I'm gathering other countries don't do that kind of service heh. I read recently that you have to put in a deposit for a shopping cart in some stores in lots of countries. I'm sure there's some future scenario in which that would conceivably happen in the US, but I'd personally stagger around the store juggling food before I messed with a cart deposit.
I guess you've never been to an Aldi then. It's a quarter to unlock a cart and you get it back when you return it. The only.place in the US I've had my groceries brought to my car is the military commissary. In 4 states no other place has offered.

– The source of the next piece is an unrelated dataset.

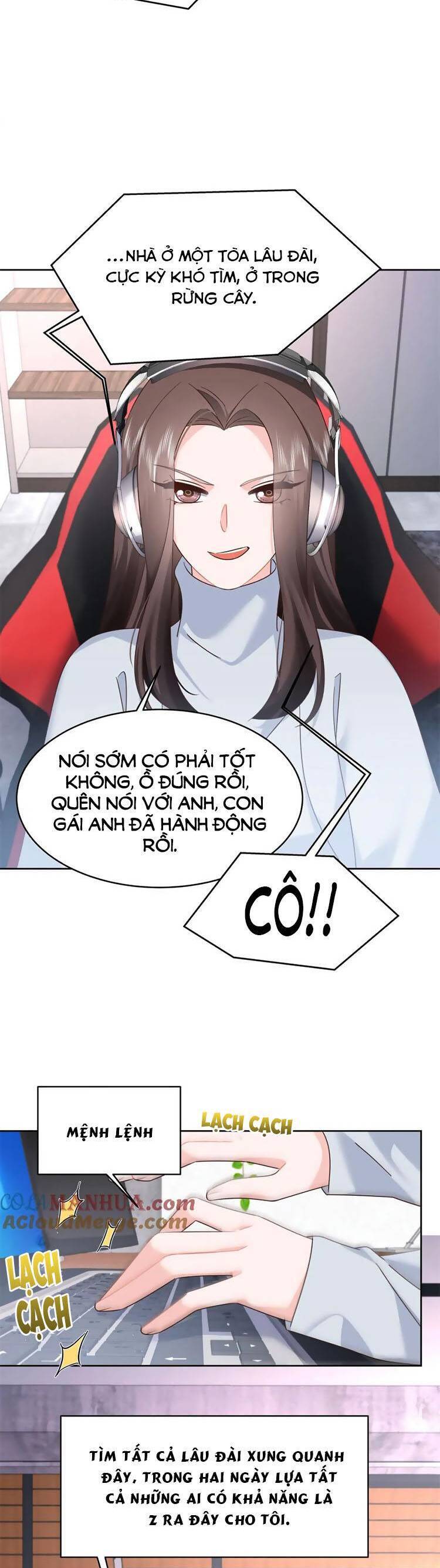 Hotboy Quốc Dân Là Nữ Chap 431 - Next Chap 432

I shop at Aldi sometimes and I don't mind paying the deposit and taking the trolley back because not having to have staff to run around collecting trolleys helps save cost which in turn helps them keep their prices low. But elsewhere, with one exception I know of, the trolleys are almost free, but that means they're left scattered about the place by people who won't take them to a trolley bay. I'm happy to wheel a trolley around because I like shopping in supermarkets. I like to have the choice, and to be able to read labels, and for that reason I don't use the online services that allow you to order in advance and just drive up and collect your stuff. What I object to is the checkouts you have to use yourself. They're not so bad if there is enough room for one trolley on each side of the the checkout console so you can put your bags of packed goods into the second one while you finish scanning the rest of your purchases that are still in the first, but our local IGA store has machines with only enough room for one trolley, so if you have a large load there's nowhere to put the bags of goods you've put through the machine and it's a struggle to pack, too. Luckily there are so many stubborn shoppers in our area who refuse to use the self-service checkouts that there is always one staff-attended checkout even if you have to wait a while for it.

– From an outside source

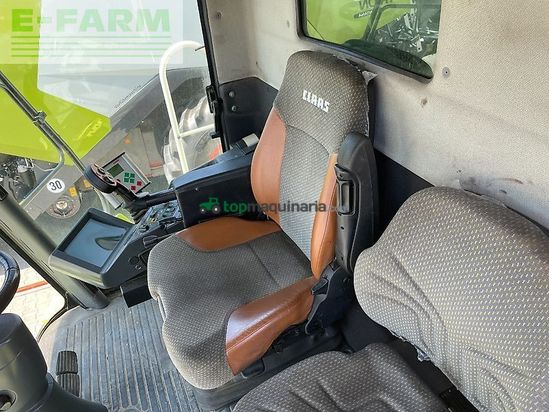 Cosechadora de Cereal - Claas - lexion 570 montana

I don't understand why a very pregnant Kate would someone with her to help her and put her shopping into her car herself, or why she'd even be going to the supermarket herself. "Purchasing groceries and general provisions for the house" were some of the duties William and Kate nominated when they advertised for a new butler/housekeeper/maid/cook/child-carer/dog-carer in 2015.
Exactly why this is so baffling. It also goes quite against the Cambs' modus operanti, those two are quite grand, esp Kate. Kate didn't even have money to pay for crisps a few years ago, because "like the queen she doesn't want to carry money".
Someone else pointed out before that K always has a pap call after her last official/ public engagement and before delivery, doing "sth normal", and a pap is on call and gets quite good and close pics, e.g. the pics of her playing with G before she gave birth to C.
And this is exactly that, nothing else but a staged pap walk along with a possible positive image turnout "they're like us! she does it herself! they're/ she is so environmentally conscious using reusable bags!"
I think nowhere in Europe is a cart free anymore. It is not about the deposit (I think all stores offer a plastic token to use instead of a coin) but about bringing back your cart in line after putting the groceries in your car. It goes also for DIY stores.
I don't understand why anyone would want to steal a shopping cart?
It's not about theft, no one steals them, also you don't have to use money, you can use plastic or metal chips/ coins.
It's about making sure that people wheel the trolleys back into the bay and not leave them on the parking lot.
Works superbly in Europe.
But for people who may steal them, the "fee" is so small, it's not going to stop anyone. Usually the people you see with a stolen trolley are homeless people, but even that is a rare sight and not really that prevalent or an issue.